Robinson can play. He scored 25 points in a victory over Weber State last Saturday despite missing the previous two days of practice because of a sore back—which he hurt while bending over to tie his shoelaces. Perhaps from now on the 3-0 Boilermakers will find someone to do that for him.
Western Michigan coach Bob Donewald is undoubtedly the only coach in the country who had to take a course in terrorist recognition before he could hold his first practice. Because of renovations to their home court, Read Fieldhouse, the Broncos practiced in a hangar at Kalamazoo/Battle Creek International Airport, where workers are required to take the course. Says John Pigatti, one of Donewald's assistants, "It was just to familiarize us with procedures if we saw anyone suspicious." ...Congratulations to Prairie View, which broke a 30-game losing streak Saturday with a 90-76 win over Arkansas Baptist. Mount St. Mary's of Emmitsburg, Md., may be the Panthers' successors in futility. The Mountaineers committed seven fouls before they scored their first point in an 87-71 loss to American University, their 21st straight road defeat. Last Saturday they lost again, 65-60 at Penn State. Coach Jim Phelan needs just seven wins to become the eighth coach in NCAA history to reach 700, but it could take a while.
PLAYERS OF THE WEEK
Baylor center Alex Holcombe, a 6'9" senior, scored 50 points, making 17 of 21 field goal attempts, and grabbed 14 rebounds in a 104-87 win over Valparaiso and a 94-93 defeat of UNC Charlotte.

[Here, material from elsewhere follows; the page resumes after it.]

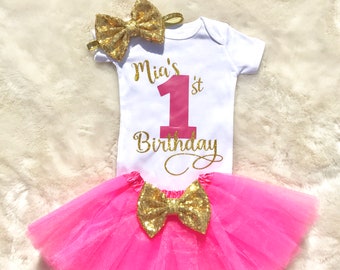 Baby Girl Personalized First Birthday Outfit, 1st Birthday Girl Outfit, Baby Girl First Birthday Outfit, 1st Birthday Girl,Cake Smash Outfit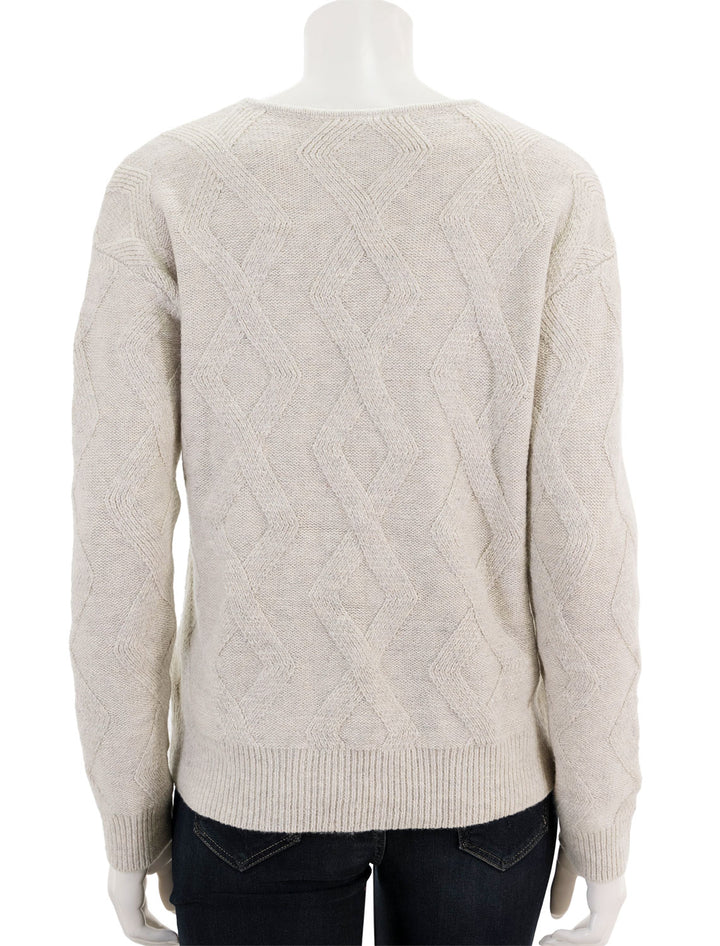 Back view of Splendid's diamond cable vneck sweater in oat heather.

Julie Powell, a 5'11" junior guard at Vanderbilt, averaged 19.7 points and had 10 steals as the Commodores beat Arizona 73-63, Southwest Missouri State 72-59 and Oregon 72-68.
Sophomore Kenny Walls, a 6'5" center at Pittsburgh's Point Park College of the NAIA, had 93 points and 31 rebounds to lead his team to wins over Edinboro, Dyke College and Pittsburgh-Bradford.